Meeting more Mr Kims: CoolstuffKorea on Cheju Island
Jennifer Barclay, LKL contributor and author of Meeting Mr Kim, has landed herself a dream assignment for the Korean Tourism Organisation: tweet about Korea, travel round Korea, write about Korea on Facebook, generally do things we’d all like to be doing, and maybe earn a little bit of pocket money as well. Nice one, Jen. We’re hoping Jennifer will be doing a little piece for LKL about her travels as well.

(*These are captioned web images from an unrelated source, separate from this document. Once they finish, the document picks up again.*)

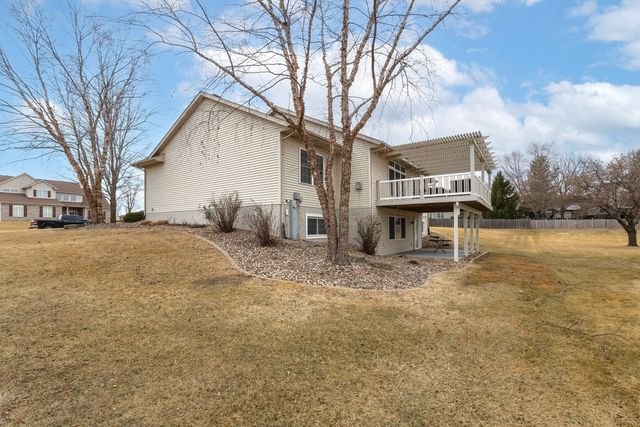 5280 Kristi Lane, Bettendorf, IA 52722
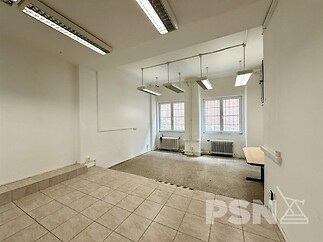 Komerční hala - Komárovské nábřeží Brno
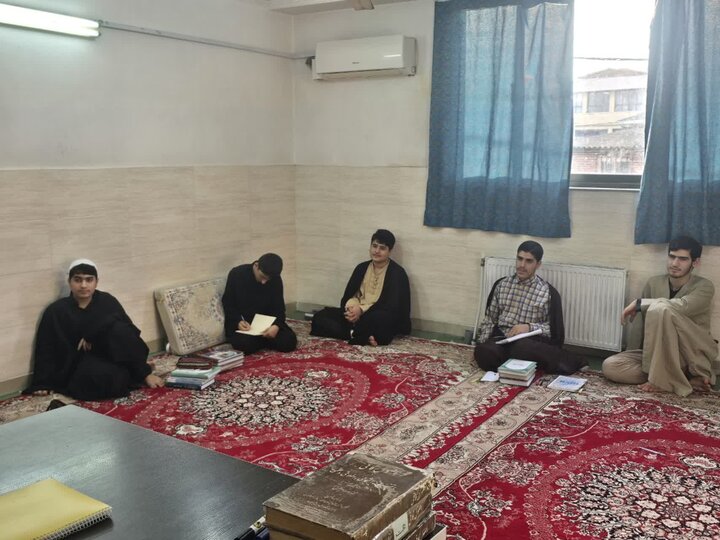 تصاویر/  برگزاری نشست علمی در جمع طلاب مدرسه علمیه روحیه بابل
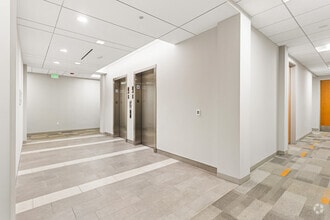 888 S Brea Canyon Rd, Diamond Bar, CA à louer Hall d’entrée– Image 1 sur 6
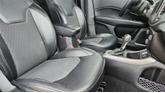 Thumbnail of 2017 White Clearcoat Jeep New Compass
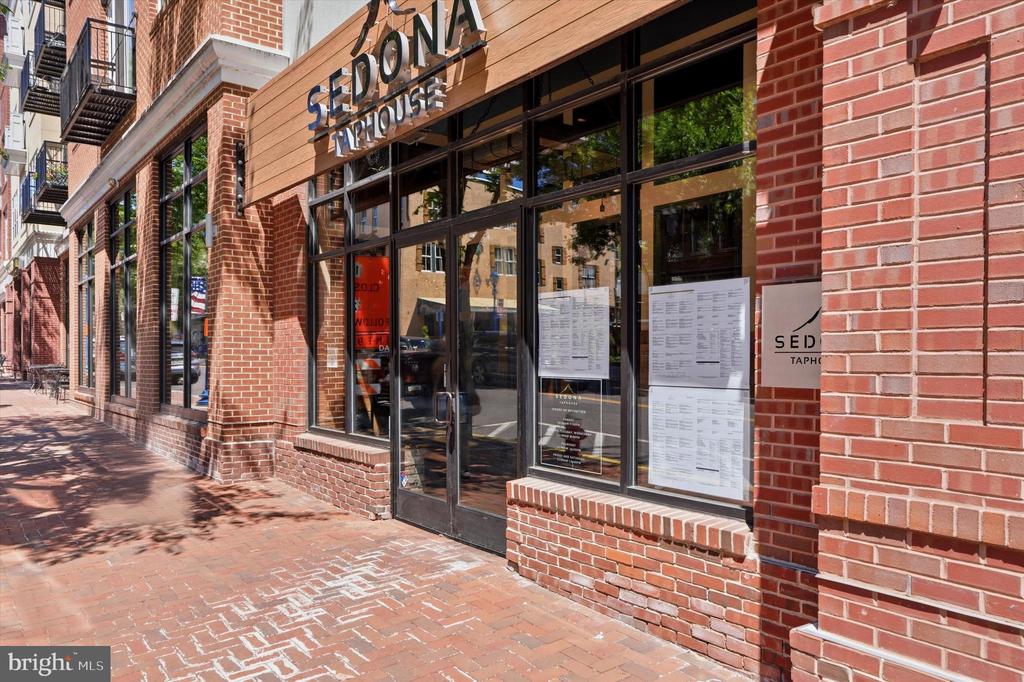 136 BRIDGE STREET Unit: 305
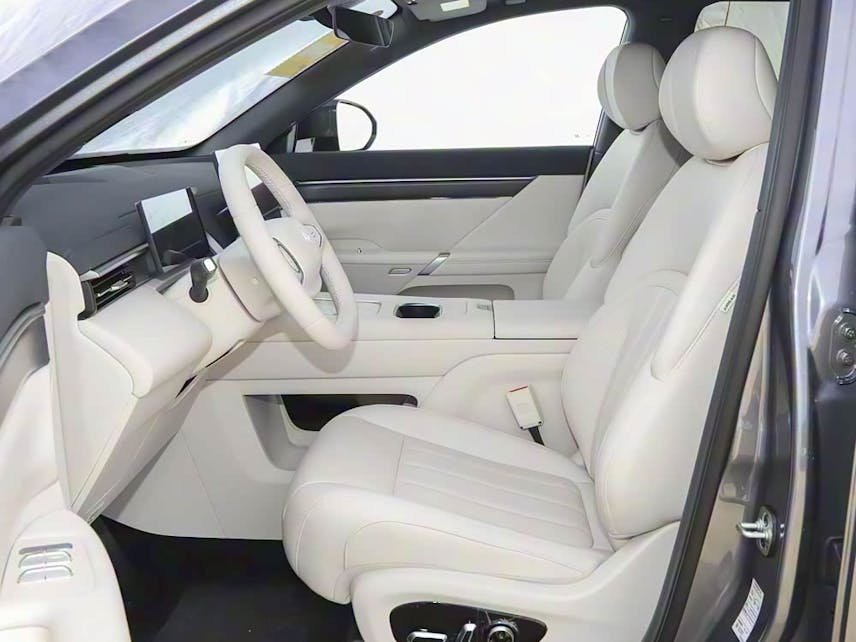 DongFeng eπ008 EV 2026 new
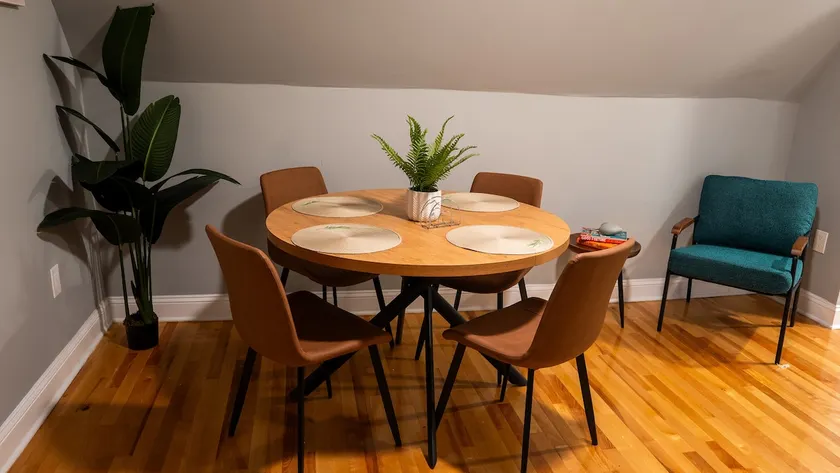 Beautiful Small Deluxe Apartment Near to Airport - Image 1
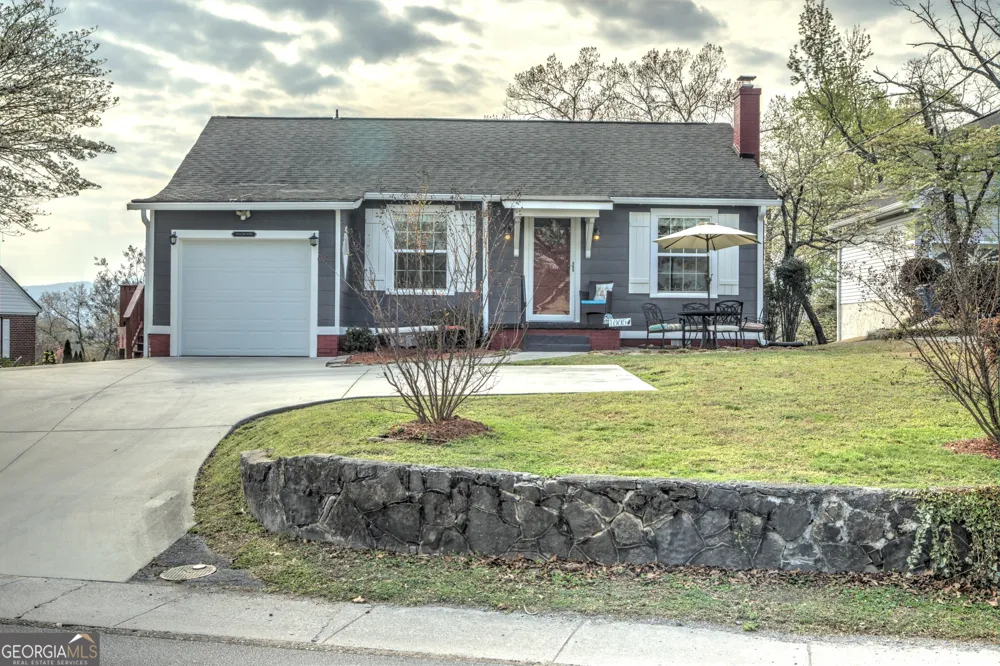 1005 S Crest RD Rossville, GA 30741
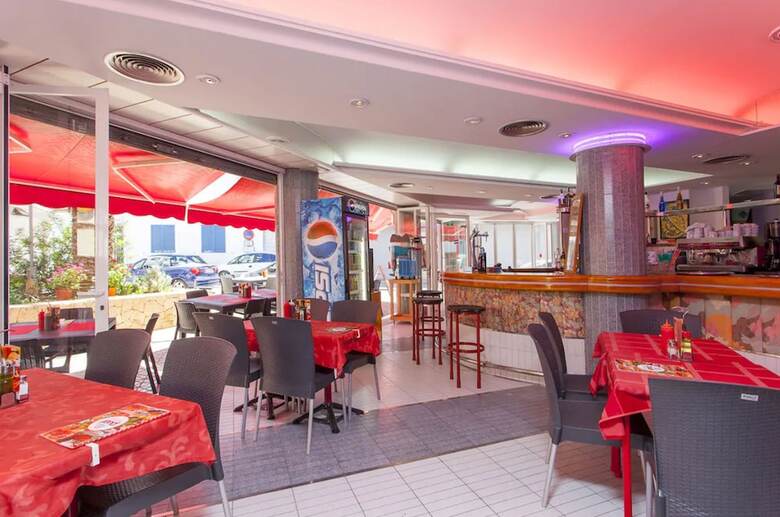 Aparthotel Apartamentos Puet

In the meanwhile, visit her Facebook page, where she’s been uploading photos of her travels. Most recently, she’s been down in Cheju Island, getting to meet some of the famous diving women and walking the scenic coastal paths called “Olle”. While there, she also scored some UNESCO points, visiting the World Heritage accredited lava tubes. I’ve always wondered what these things look like, and now thanks to Jen I have some idea. Dark:
Manjang Cave. It was 25 degrees and humid today on Jeju, but it felt very cold as soon as I descended the steps to this spooky tunnel formed by lava when the now dormant Mount Hall erupted. As you walk a kilometre in near darkness, it opens up to cathedral heights and then closes in again...
Some more photos below. For the complete set, visit Jen’s Facebook page.
Manjang Cave. It was 25 degrees and humid today on Jeju, but it felt very cold as soon as I descended the steps to this spooky tunnel formed by lava when the now dormant Mount Hall erupted. As you walk a kilometre in near darkness, it opens up to cathedral heights and then closes in again…
Off the rocks, women divers, like a group of seals… The gourds they use as buoys hold the nets of fish, shellfish and octopus – whatever they find to catch – and also provide a quick rest before they dive down again. Women have learned to dive this way in Jeju for centuries.
Black sand beach where women dive, below the famous Seongsan Sunrise Peak, where people go on New Year’s Day. Today the Chinese tourists beat me to the peak.
Go In-ho, the eldest in this community, has been diving for 70 years. She started when she was 15 – yes, she’s 85! I asked if she planned to keep diving. Yes, if she doesn’t get sick, she’ll keep diving.
Volcanic rocks at the water’s edge make for dramatic scenery and a lovely place to sit and contemplate the offshore islands. That water was just too lovely – I had to go back in for another swim!